--- SUPPLIED MATERIAL ---

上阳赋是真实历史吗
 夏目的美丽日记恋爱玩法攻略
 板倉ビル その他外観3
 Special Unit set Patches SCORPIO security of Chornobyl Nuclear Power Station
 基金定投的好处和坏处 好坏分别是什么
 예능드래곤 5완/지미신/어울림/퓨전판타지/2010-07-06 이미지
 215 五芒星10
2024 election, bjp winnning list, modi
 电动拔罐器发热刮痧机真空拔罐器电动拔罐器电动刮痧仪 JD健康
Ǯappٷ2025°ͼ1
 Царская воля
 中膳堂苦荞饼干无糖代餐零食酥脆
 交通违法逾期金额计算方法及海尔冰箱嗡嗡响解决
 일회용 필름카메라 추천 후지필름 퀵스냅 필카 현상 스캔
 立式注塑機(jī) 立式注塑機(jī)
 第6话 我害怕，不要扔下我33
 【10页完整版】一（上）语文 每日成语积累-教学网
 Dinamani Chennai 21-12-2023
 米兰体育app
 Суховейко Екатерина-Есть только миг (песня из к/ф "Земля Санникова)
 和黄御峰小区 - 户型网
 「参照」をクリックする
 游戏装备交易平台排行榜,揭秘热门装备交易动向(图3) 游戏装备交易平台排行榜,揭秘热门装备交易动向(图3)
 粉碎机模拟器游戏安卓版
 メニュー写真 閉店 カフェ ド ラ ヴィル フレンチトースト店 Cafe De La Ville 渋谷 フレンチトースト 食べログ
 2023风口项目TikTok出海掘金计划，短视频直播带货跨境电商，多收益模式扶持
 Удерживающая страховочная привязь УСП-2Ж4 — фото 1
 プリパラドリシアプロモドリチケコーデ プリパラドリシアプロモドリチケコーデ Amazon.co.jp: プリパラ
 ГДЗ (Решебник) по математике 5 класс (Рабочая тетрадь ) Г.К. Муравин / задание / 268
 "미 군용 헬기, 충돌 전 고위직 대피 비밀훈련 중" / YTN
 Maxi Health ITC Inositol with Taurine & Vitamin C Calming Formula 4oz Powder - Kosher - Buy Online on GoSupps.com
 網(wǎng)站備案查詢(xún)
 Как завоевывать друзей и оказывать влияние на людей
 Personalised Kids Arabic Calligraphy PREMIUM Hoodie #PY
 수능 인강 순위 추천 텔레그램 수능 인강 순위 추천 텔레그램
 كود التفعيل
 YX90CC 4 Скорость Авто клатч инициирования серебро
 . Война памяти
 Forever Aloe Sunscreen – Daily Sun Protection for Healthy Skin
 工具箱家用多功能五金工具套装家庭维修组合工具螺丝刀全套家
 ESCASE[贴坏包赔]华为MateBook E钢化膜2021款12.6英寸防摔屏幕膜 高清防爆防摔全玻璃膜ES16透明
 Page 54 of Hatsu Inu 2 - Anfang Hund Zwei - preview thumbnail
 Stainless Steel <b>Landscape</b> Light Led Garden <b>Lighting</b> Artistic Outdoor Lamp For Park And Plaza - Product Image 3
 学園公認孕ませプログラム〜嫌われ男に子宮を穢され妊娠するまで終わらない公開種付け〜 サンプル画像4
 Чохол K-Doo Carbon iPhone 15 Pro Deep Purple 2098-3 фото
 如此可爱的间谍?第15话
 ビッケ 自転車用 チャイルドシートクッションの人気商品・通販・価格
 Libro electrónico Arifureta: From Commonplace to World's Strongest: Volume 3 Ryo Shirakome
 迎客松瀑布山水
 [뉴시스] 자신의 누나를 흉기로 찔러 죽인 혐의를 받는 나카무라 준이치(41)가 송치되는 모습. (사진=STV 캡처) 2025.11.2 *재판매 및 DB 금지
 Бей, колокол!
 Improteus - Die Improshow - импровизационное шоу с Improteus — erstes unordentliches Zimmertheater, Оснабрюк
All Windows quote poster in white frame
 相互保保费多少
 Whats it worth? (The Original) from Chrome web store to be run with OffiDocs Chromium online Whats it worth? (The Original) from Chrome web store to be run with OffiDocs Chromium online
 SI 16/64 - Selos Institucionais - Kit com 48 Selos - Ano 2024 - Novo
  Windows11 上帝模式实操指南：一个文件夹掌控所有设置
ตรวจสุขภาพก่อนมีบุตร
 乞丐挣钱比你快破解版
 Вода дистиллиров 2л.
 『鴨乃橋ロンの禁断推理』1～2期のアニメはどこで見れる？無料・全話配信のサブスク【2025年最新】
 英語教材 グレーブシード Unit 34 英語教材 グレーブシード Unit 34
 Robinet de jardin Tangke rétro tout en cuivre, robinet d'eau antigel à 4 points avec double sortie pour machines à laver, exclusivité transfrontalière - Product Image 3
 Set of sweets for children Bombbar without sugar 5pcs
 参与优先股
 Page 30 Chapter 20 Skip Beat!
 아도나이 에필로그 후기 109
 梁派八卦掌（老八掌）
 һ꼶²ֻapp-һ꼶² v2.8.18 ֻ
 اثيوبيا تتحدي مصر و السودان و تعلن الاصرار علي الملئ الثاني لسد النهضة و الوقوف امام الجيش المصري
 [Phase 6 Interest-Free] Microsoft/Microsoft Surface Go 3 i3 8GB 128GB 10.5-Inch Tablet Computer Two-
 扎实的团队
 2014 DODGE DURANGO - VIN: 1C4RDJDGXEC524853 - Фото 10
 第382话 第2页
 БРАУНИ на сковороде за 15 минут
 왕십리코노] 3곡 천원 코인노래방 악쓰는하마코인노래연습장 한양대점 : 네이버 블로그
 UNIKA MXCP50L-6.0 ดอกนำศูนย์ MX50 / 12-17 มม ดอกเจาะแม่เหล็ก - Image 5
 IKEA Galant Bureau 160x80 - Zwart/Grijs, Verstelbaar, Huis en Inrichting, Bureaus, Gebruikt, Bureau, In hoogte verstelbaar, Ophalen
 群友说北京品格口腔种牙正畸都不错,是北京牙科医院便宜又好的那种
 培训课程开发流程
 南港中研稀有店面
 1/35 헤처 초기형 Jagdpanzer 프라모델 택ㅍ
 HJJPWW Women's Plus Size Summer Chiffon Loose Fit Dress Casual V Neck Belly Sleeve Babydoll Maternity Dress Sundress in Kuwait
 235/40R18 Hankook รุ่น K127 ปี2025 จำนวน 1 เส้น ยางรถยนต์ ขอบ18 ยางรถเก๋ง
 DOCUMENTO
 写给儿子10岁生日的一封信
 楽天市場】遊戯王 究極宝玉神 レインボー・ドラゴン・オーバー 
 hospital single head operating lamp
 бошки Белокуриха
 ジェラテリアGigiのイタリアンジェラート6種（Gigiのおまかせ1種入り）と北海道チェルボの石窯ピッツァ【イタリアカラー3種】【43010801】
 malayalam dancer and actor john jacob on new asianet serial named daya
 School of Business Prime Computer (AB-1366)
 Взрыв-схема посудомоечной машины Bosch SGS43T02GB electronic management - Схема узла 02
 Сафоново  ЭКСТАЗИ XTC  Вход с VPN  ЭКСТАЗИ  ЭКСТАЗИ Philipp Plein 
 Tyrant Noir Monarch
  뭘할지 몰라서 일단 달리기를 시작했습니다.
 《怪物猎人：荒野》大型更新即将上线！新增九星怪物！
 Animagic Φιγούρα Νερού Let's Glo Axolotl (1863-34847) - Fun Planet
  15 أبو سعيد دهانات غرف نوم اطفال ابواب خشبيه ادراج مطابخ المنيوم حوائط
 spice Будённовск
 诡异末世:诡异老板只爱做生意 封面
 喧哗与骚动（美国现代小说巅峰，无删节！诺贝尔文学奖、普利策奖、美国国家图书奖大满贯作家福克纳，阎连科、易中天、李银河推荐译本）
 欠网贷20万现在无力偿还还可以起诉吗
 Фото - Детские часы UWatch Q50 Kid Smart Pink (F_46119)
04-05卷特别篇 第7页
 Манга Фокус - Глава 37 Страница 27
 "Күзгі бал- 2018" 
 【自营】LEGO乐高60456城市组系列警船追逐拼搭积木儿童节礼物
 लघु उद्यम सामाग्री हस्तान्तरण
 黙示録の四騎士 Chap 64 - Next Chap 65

--- YOUR OBJECTIVE ---
Find the line with "아도나이 에필로그 후기 109" in the material above. Reproduce it and each line after it up to and including the line with "бошки Белокуриха".

--- RESPONSE TO THIS EXERCISE ---
 아도나이 에필로그 후기 109
 梁派八卦掌（老八掌）
 һ꼶²ֻapp-һ꼶² v2.8.18 ֻ
 اثيوبيا تتحدي مصر و السودان و تعلن الاصرار علي الملئ الثاني لسد النهضة و الوقوف امام الجيش المصري
 [Phase 6 Interest-Free] Microsoft/Microsoft Surface Go 3 i3 8GB 128GB 10.5-Inch Tablet Computer Two-
 扎实的团队
 2014 DODGE DURANGO - VIN: 1C4RDJDGXEC524853 - Фото 10
 第382话 第2页
 БРАУНИ на сковороде за 15 минут
 왕십리코노] 3곡 천원 코인노래방 악쓰는하마코인노래연습장 한양대점 : 네이버 블로그
 UNIKA MXCP50L-6.0 ดอกนำศูนย์ MX50 / 12-17 มม ดอกเจาะแม่เหล็ก - Image 5
 IKEA Galant Bureau 160x80 - Zwart/Grijs, Verstelbaar, Huis en Inrichting, Bureaus, Gebruikt, Bureau, In hoogte verstelbaar, Ophalen
 群友说北京品格口腔种牙正畸都不错,是北京牙科医院便宜又好的那种
 培训课程开发流程
 南港中研稀有店面
 1/35 헤처 초기형 Jagdpanzer 프라모델 택ㅍ
 HJJPWW Women's Plus Size Summer Chiffon Loose Fit Dress Casual V Neck Belly Sleeve Babydoll Maternity Dress Sundress in Kuwait
 235/40R18 Hankook รุ่น K127 ปี2025 จำนวน 1 เส้น ยางรถยนต์ ขอบ18 ยางรถเก๋ง
 DOCUMENTO
 写给儿子10岁生日的一封信
 楽天市場】遊戯王 究極宝玉神 レインボー・ドラゴン・オーバー 
 hospital single head operating lamp
 бошки Белокуриха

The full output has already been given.